## WHAT IS NEEDED
Wherever a line of the data contains "Used", copy that line.

(Beginning of RECORDED DATA)

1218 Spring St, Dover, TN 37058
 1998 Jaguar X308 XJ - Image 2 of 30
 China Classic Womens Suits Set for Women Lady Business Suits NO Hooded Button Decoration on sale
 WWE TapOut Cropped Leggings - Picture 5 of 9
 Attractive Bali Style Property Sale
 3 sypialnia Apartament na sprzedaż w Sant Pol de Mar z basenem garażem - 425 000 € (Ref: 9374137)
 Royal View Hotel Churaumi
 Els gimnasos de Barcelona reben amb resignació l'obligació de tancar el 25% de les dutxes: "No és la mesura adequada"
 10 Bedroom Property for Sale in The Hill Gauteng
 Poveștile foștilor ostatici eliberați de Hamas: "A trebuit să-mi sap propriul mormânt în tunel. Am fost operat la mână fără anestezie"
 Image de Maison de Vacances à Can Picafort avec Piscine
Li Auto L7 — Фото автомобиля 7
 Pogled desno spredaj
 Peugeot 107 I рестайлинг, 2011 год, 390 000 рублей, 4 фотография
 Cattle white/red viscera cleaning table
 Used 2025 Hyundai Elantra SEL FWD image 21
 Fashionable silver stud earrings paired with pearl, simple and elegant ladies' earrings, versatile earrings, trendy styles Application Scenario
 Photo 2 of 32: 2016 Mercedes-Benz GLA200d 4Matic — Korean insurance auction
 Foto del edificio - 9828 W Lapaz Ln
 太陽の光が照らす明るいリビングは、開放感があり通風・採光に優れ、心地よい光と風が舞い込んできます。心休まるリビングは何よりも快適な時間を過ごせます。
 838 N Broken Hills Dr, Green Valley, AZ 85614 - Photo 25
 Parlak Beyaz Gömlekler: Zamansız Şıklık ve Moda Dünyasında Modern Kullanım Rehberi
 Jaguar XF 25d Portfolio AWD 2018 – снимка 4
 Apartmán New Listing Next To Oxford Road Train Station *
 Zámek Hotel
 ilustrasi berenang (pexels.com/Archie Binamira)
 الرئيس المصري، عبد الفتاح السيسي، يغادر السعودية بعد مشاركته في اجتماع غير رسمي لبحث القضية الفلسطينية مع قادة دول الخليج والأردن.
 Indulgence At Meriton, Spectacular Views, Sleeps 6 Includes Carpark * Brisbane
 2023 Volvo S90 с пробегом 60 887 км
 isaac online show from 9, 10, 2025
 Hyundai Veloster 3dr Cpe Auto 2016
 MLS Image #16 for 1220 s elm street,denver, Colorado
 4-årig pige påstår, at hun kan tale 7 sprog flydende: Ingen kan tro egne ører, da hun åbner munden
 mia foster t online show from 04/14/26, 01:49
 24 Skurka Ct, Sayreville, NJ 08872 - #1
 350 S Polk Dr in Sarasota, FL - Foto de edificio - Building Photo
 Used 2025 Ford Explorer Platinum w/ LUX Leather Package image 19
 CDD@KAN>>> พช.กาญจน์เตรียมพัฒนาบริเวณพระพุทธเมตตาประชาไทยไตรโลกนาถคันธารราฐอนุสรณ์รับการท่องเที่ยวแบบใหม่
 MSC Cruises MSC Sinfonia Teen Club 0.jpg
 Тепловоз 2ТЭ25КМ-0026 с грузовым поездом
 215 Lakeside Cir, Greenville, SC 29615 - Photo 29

(End of RECORDED DATA)

## RESPONSE TO THIS EXERCISE
 Used 2025 Hyundai Elantra SEL FWD image 21
 Used 2025 Ford Explorer Platinum w/ LUX Leather Package image 19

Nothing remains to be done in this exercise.